On Thursday, the Tampa Bay Lightning completed a major trade with the Montreal Canadiens, sending talented forward Jonathan Drouin to Montreal in exchange for 18-year-old defenseman prospect Mikhail Sergachev, the ninth overall pick (and second defenseman selected) in the 2016 NHL Draft.
Additionally, the Lightning will get Montreal's second-round pick in the 2018 Draft -- a pick the Canadiens acquired from the Washington Capitals -- and the Bolts will send their sixth-round selection in the same draft to Montreal if Sergachev plays 40 or more games this season (including playoffs) for the Lightning.
Some might wonder why Lightning general manager Steve Yzerman would trade Drouin, an established NHL player who scored 21 goals and ranked third on the Lightning for scoring (53 points) in 2016-17, for a defensive prospect who has only four games of experience in the league and just wrapped up his season helping the Windsor Spitfires of the Ontario Hockey League win the Memorial Cup.
But while Sergachev might not necessarily fill an immediate need on the blue line for the Lightning, his upside and potential was too good for the Bolts to pass up.
"There's a lot of things we liked that suited us in making a deal for Mikhail Sergachev," Yzerman said Thursday evening on a conference call with reporters. "The biggest reason was we were getting a young defenseman that's going to have an impact in the NHL for a long time. Whether that's this year or two years from now, time will tell, but I think he's going to be a good player in the league for a long time."
Sergachev, a native of Nizhnekamsk, Russia, made the Canadiens out of training camp this season and nearly stuck around for the full season. He played four games for Montreal and finished plus-one before the Canadiens decided to send him back for his second season in juniors.
In 50 games this season with Windsor, Sergachev scored 10 goals and added 33 assists, ranking tied for third among all Spitfires for scoring (43 points) and first among defensemen. He averaged a point a game, scoring a goal and adding three assists, and was plus-three in helping Windsor win the prestigious Memorial Cup.
"We watch him play in junior," said Yzerman, who stated he began talks with Canadiens general manager Marc Bergevin about a potential trade roughly a week ago. "We watched him in his draft year. I watched him play this year at the Memorial Cup again. He's got good size. He's very strong. He's physical. He skates very well. He's got an excellent shot. He moves the puck well. We're hoping that he can continue to be that type of player as he turns pro and do that in the NHL. We think he has a chance to play in all situations in this league, and it's very difficult to find players of that caliber. In this instance, a prospect of that caliber, they're difficult to acquire."

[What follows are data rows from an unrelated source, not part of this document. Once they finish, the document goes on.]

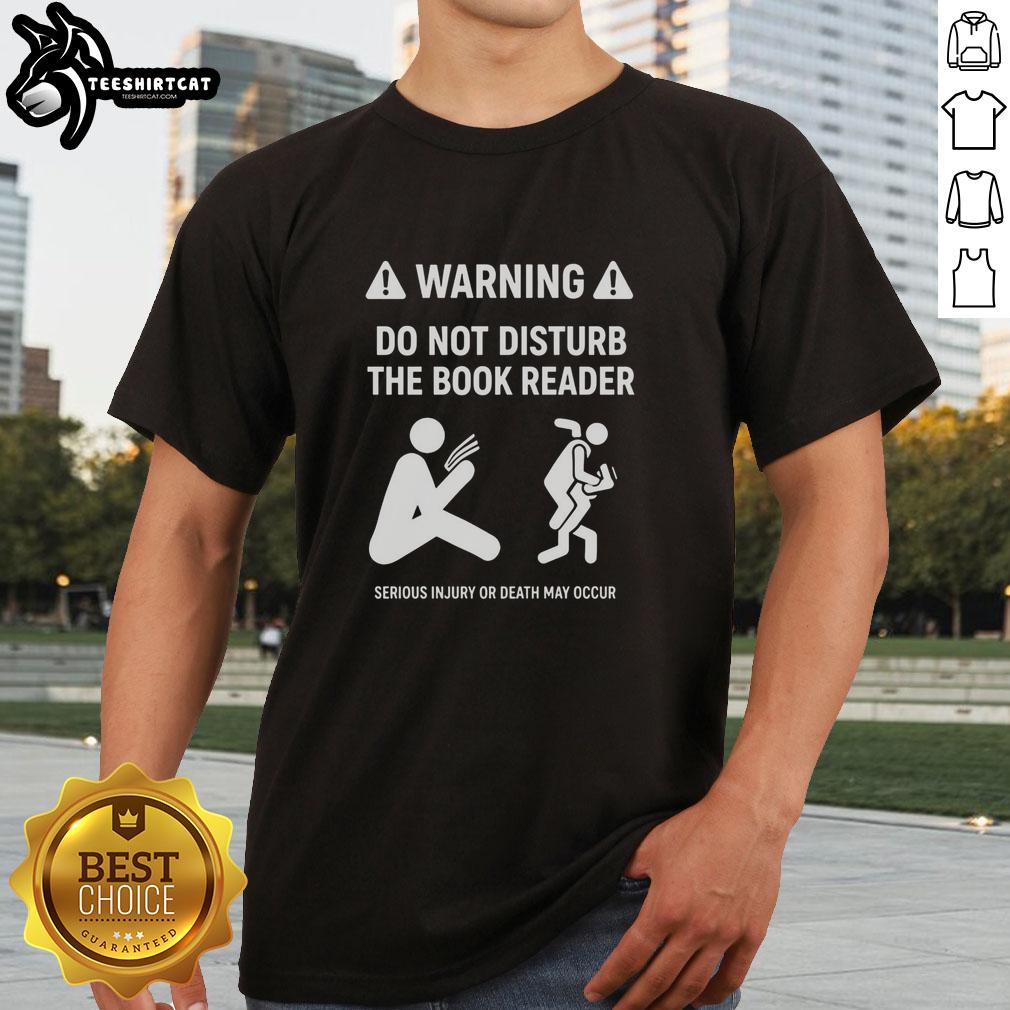 official-warning-do-not-disturb-the-book-reader-serious-injury-or-death-may-occur-t-shirt Official Warning Do Not Disturb The Book Reader T-Shirt - humorous design for avid readers to prevent interruptions.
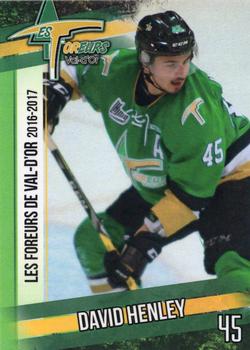 2016-17 Val-d'Or Foreurs (QMJHL) #NNO David Henley Front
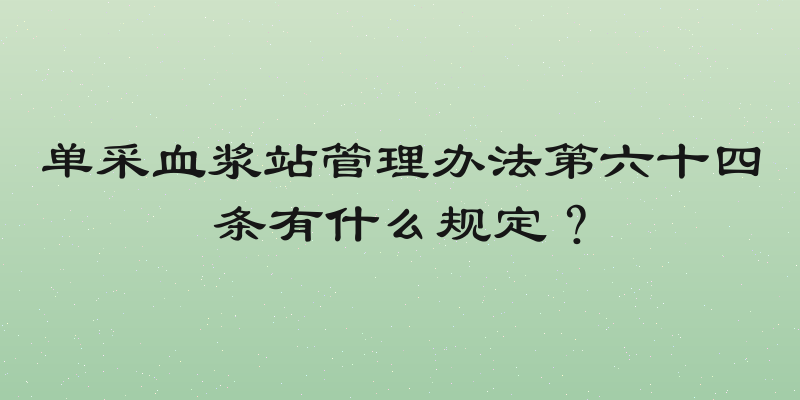单采血浆站管理办法第六十四条有什么规定？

And while Sergachev is by no means a lock to make the Lightning roster coming out of training camp this fall, he's also not necessarily headed back to juniors either.
"Our hope is we're going to give Mikhail an opportunity to make our team," Yzerman said. "We're hopeful he can, but if not, he still has another year of eligibility in junior."
Adding the 6-foot-3, 212-pound Sergachev gives the Lightning a potential elite caliber defenseman to groom into their system. And there are other benefits to adding Sergachev too. With the expansion draft taking place in less than a week, Drouin would have required a spot on the Lightning's protected list. Sergachev does not, freeing up a slot for another player on the team the organization would like to keep. Moving Drouin also frees up cap space for the Lightning to potentially sign restricted free agents Tyler Johnson and Ondrej Palat as well as make other additions during the summer signing period.
"Had we acquired a D-man that needed to be protected, it would have required us…reacting in some way to protect the players we wanted to," Yzerman said. "That did have some more appeal to us in making this trade."
Yzerman also said the Lightning might not be finished making moves this offseason. They could target another defenseman who fits within the Bolts system. Or they could target another forward to help fill the void with Drouin's departure. The organization will have a better idea in what direction they want to go once the expansion draft takes place and they see which player they lose.
"We'll certainly look at anything," he said. "Any type of move that we feel is going to improve our team, whether it be a forward or a defenseman, we will continue to do that."